Plaintiff's cause of action under the Truth in Lending Act against Defendant Credit Union was severed and separately determined, with the Plaintiff being granted relief under that Act. There remains for our consideration Plaintiff's cause of action against the Credit Union, the Sheriff, and the Prothonotary based on allegations of the unconstitutionality of the Pennsylvania Statutes and Rules of Civil Procedure, or their application in an unconstitutional way, with respect to the entry of judgment by confession, and execution upon said judgments entered by confession. With respect to this cause of action plaintiff asks declaratory and injunctive relief, the convening of a statutory three judge court, and the prosecution of this action as a class action.

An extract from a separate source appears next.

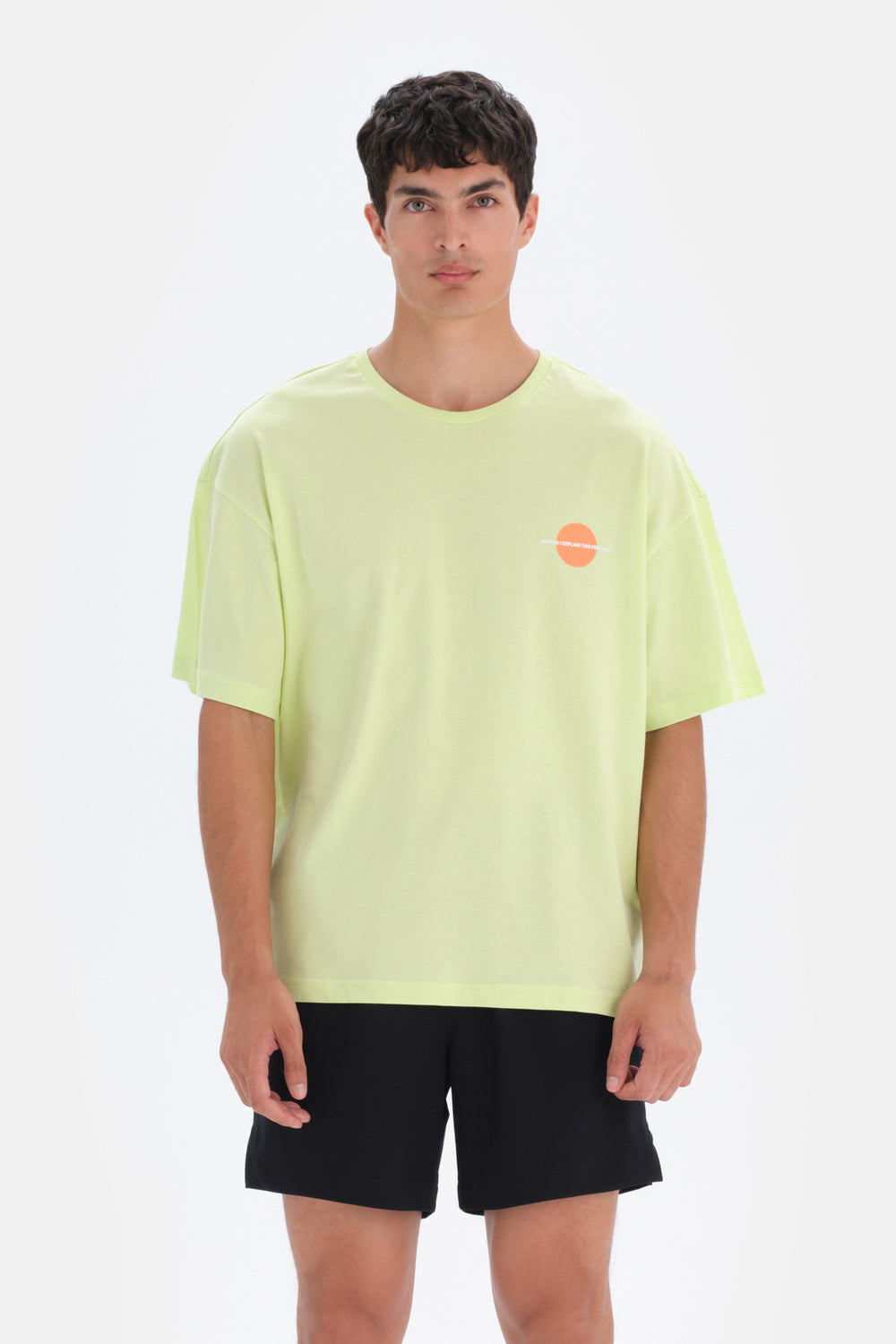 Light Green T-SHIRT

We declined to enter a preliminary injunction in this case because of the absence of irreparable harm and the availability of other legal remedies. No execution on the confessed judgment was being prosecuted. The Prothonotary and the Sheriff filed Motions to Dismiss. The Sheriff averred that the pleadings do not allege, and in that fact there is no writ of execution pending in his office affecting the Plaintiff, Naomi Chittester. The Prothonotary's Motion recites that judgments by confession are entered in his office, but that no writ of execution has been, will be, or would have been issued against the plaintiff or any person sought to be included as a member of her class under the facts alleged in Plaintiff's complaint.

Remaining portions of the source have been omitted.